With the passage of AB 2147, some former inmates have said they are eager to apply to a firefighting job. “The news is huge,” said Michael Gebre, a former incarcerated firefighter, in an interview with NPR. “With me being an EMT, I could do more for the community that I serve.”
Yesterday, in a visit to California to meet with Governor Gavin Newsom and other state officials, President Trump confirmed once again that he does not understand or believe in climate change. After blaming this year’s historic wildfires on forest management practices alone, the president assured them that “it’ll start getting cooler.” When the state secretary for natural resources quipped back, “I wish science agreed with you,” Trump responded, “Well, I don’t think science knows, actually.”

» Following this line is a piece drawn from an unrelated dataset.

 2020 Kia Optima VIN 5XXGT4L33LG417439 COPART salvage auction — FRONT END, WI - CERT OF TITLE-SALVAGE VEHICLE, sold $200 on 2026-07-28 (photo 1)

A natural buffer that is helping to prevent two important glaciers in Antarctica from flowing out into the sea is deteriorating, according to a new analysis of satellite imagery. If one of these, the Thwaites glacier, collapsed, it could trigger the collapse of the entire West Antarctic ice sheet, which could raise sea levels by about 10 feet.
Meanwhile, on the other side of the earth, temperatures in the Arctic have skyrocketed, likely changing the climate there for good. In fact, the Northern Hemisphere as a whole just had its hottest summer on record, the National Oceanic and Atmospheric Administration announced on Monday.